Exercise goal: Every entry that follows must be written out exactly, apart from its pictures.

── Data in this exercise ──

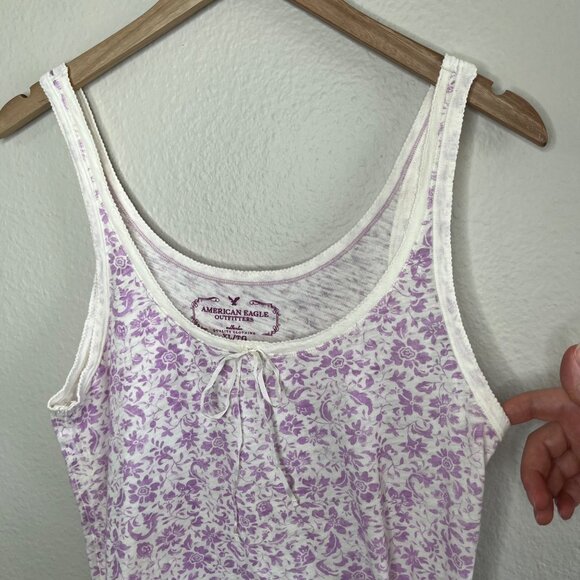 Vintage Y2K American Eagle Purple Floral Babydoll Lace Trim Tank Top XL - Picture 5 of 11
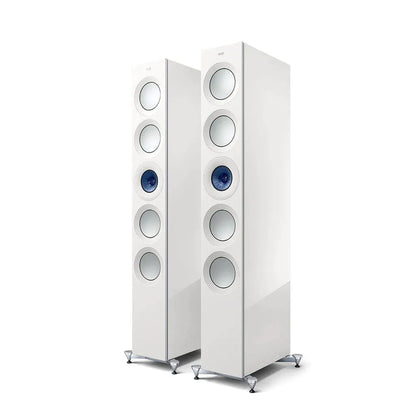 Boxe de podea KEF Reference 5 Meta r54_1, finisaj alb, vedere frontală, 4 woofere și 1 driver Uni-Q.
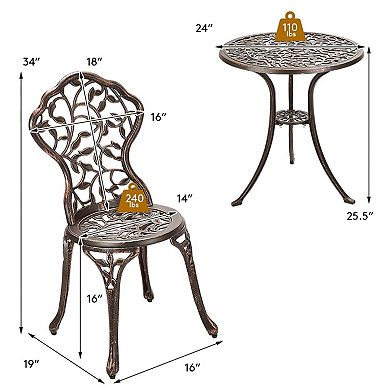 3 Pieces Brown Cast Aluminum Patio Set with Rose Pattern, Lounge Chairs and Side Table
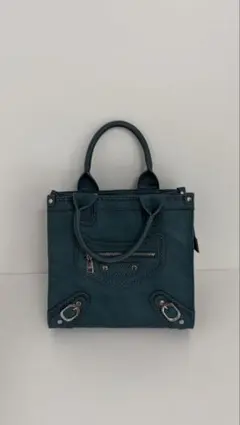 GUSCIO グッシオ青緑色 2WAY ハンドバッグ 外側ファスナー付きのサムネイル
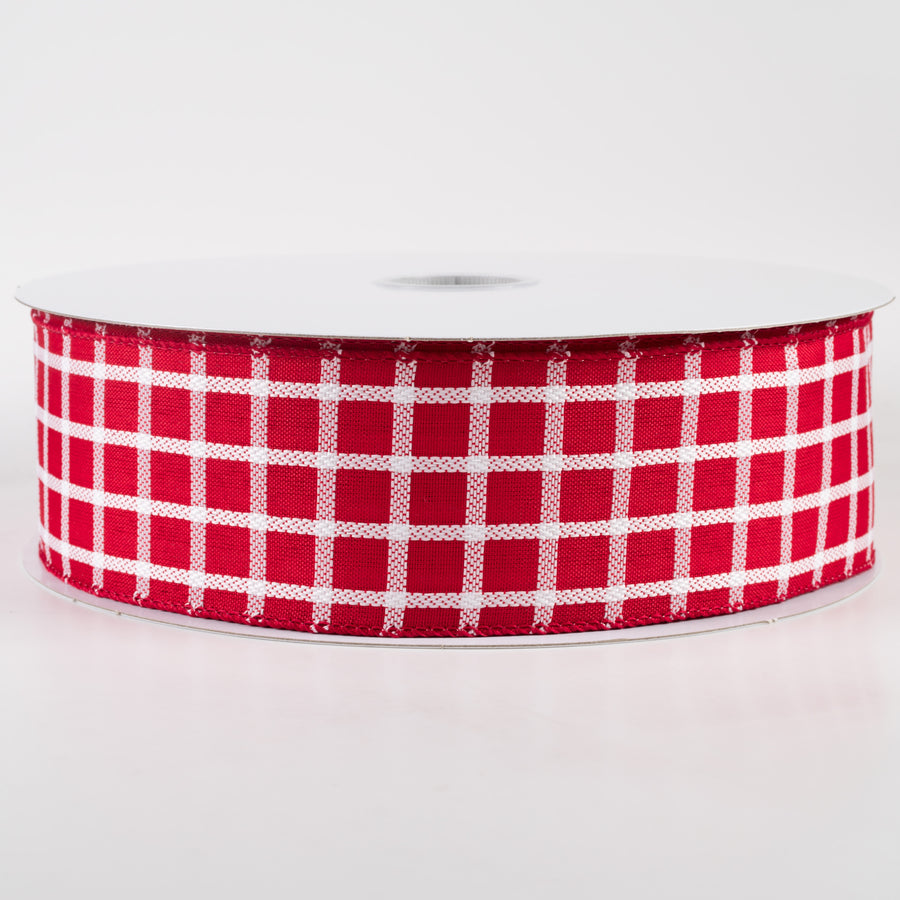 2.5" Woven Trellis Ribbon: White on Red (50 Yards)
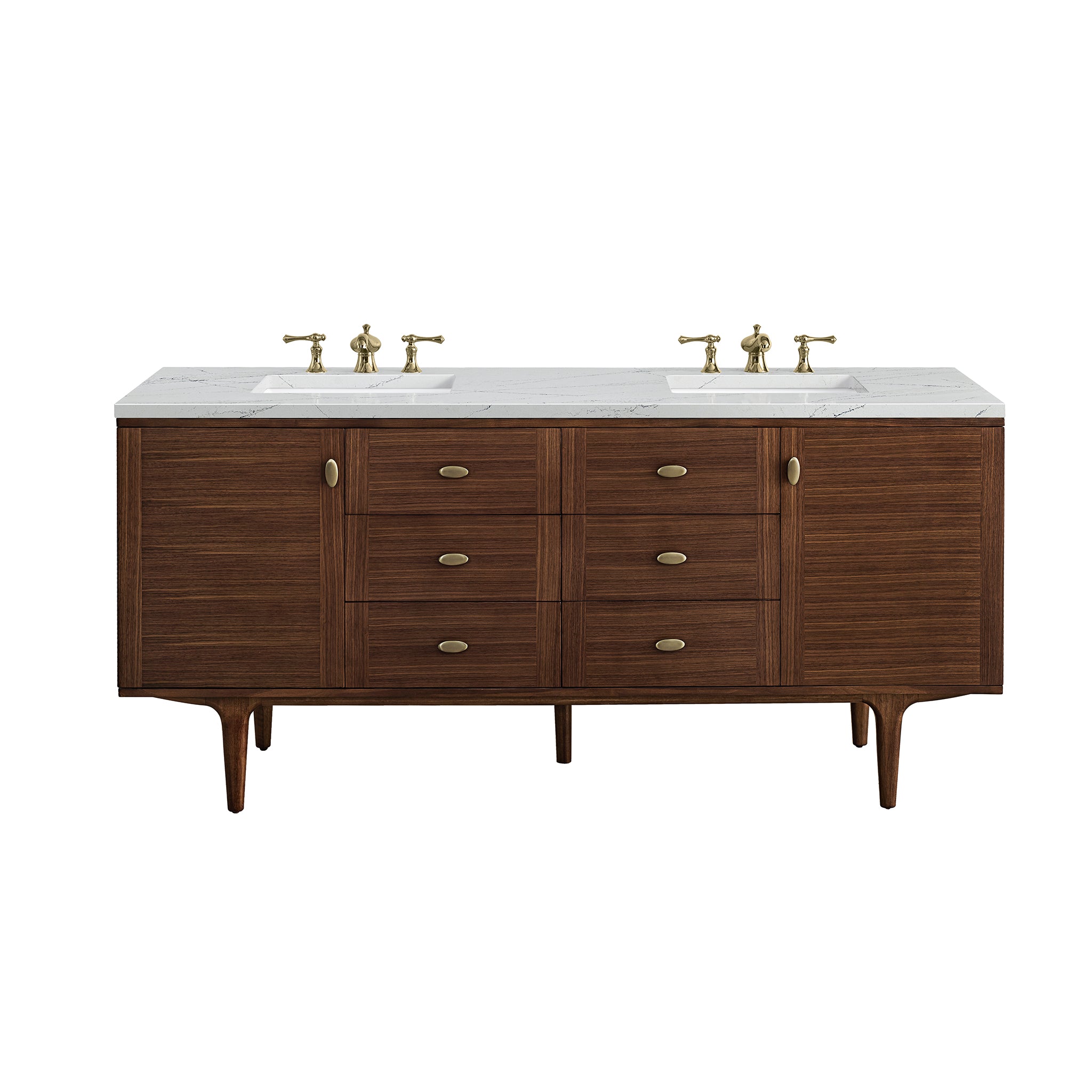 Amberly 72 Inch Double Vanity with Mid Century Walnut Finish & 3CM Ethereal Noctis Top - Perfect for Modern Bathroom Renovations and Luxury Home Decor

───

Task response:
 Vintage Y2K American Eagle Purple Floral Babydoll Lace Trim Tank Top XL - Picture 5 of 11
 Boxe de podea KEF Reference 5 Meta r54_1, finisaj alb, vedere frontală, 4 woofere și 1 driver Uni-Q.
 3 Pieces Brown Cast Aluminum Patio Set with Rose Pattern, Lounge Chairs and Side Table
 GUSCIO グッシオ青緑色 2WAY ハンドバッグ 外側ファスナー付きのサムネイル
 2.5" Woven Trellis Ribbon: White on Red (50 Yards)
 Amberly 72 Inch Double Vanity with Mid Century Walnut Finish & 3CM Ethereal Noctis Top - Perfect for Modern Bathroom Renovations and Luxury Home Decor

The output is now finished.